╭──

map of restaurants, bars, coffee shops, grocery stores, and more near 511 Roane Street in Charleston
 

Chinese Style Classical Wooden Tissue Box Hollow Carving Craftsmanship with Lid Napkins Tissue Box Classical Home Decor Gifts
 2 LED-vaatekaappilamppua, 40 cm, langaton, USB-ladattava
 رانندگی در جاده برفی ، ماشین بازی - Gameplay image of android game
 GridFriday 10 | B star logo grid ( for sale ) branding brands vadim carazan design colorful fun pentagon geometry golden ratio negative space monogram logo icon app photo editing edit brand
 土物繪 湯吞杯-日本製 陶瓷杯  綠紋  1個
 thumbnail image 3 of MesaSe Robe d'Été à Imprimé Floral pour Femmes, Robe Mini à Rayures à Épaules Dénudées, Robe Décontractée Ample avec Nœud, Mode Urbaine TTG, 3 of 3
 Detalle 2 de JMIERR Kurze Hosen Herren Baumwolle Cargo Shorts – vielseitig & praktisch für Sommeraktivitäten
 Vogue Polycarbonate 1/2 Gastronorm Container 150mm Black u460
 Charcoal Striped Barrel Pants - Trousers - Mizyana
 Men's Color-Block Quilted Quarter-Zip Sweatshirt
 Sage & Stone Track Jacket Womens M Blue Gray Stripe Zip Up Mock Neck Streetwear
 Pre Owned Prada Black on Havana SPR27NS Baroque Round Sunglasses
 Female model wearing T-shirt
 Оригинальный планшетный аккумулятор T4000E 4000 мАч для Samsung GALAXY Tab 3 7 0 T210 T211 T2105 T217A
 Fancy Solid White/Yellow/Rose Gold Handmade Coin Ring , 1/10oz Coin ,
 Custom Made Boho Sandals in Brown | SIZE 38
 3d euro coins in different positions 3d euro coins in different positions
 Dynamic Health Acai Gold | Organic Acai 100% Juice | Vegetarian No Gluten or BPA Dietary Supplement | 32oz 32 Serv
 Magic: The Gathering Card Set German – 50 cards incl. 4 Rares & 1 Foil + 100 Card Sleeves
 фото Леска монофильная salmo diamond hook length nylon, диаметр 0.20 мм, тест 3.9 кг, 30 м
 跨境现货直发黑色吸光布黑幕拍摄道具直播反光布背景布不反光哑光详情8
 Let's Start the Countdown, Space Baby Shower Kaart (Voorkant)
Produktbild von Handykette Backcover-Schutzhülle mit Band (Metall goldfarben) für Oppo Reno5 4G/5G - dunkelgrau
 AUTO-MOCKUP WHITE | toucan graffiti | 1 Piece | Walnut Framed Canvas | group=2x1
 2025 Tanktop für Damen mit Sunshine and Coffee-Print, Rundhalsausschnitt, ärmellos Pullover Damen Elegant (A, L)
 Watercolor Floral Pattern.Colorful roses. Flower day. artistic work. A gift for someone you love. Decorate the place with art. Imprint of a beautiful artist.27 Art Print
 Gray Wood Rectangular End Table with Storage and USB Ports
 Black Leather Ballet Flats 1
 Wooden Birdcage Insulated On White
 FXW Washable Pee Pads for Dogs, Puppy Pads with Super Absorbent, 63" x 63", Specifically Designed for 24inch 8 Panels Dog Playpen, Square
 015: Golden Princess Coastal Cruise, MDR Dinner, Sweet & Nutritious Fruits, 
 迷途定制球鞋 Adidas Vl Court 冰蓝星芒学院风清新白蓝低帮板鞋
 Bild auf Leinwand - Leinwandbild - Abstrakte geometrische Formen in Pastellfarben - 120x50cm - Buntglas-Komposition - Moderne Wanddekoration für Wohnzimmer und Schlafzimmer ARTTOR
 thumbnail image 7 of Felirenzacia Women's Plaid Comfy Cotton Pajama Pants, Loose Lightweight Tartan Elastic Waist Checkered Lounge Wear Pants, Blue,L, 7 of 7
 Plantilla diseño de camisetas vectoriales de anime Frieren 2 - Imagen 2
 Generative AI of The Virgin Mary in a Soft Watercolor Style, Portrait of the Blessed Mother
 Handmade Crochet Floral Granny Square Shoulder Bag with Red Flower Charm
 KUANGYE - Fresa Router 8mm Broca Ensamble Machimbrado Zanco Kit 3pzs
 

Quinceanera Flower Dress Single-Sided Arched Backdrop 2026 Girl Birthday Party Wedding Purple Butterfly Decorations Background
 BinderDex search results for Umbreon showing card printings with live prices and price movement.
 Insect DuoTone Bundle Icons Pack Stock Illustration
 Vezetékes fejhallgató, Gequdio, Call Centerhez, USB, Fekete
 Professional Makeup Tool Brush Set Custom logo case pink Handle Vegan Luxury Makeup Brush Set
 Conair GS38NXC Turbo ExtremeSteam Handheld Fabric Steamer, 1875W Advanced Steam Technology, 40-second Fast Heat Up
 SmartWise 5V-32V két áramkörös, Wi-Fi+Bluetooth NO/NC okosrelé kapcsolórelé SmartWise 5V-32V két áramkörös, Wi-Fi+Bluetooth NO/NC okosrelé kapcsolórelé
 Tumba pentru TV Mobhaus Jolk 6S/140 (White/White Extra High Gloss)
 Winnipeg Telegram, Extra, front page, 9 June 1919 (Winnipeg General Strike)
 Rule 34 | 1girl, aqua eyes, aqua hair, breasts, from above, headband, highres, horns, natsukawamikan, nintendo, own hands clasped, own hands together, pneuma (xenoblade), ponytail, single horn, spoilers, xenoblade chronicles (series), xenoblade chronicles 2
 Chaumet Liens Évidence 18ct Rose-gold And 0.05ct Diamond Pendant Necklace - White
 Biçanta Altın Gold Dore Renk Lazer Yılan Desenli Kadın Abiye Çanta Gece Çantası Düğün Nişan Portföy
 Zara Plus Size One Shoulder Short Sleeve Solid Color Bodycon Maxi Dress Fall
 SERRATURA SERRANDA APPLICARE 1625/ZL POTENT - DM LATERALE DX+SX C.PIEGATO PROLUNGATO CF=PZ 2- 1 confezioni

╰──

[WHAT YOU SHOULD DO] The response should hold exactly the lines starting at the line with "土物繪 湯吞杯-日本製 陶瓷杯" and ending at the line with "Detalle 2 de", and no other line of the material above.

[SOLUTION]
 土物繪 湯吞杯-日本製 陶瓷杯  綠紋  1個
 thumbnail image 3 of MesaSe Robe d'Été à Imprimé Floral pour Femmes, Robe Mini à Rayures à Épaules Dénudées, Robe Décontractée Ample avec Nœud, Mode Urbaine TTG, 3 of 3
 Detalle 2 de JMIERR Kurze Hosen Herren Baumwolle Cargo Shorts – vielseitig & praktisch für Sommeraktivitäten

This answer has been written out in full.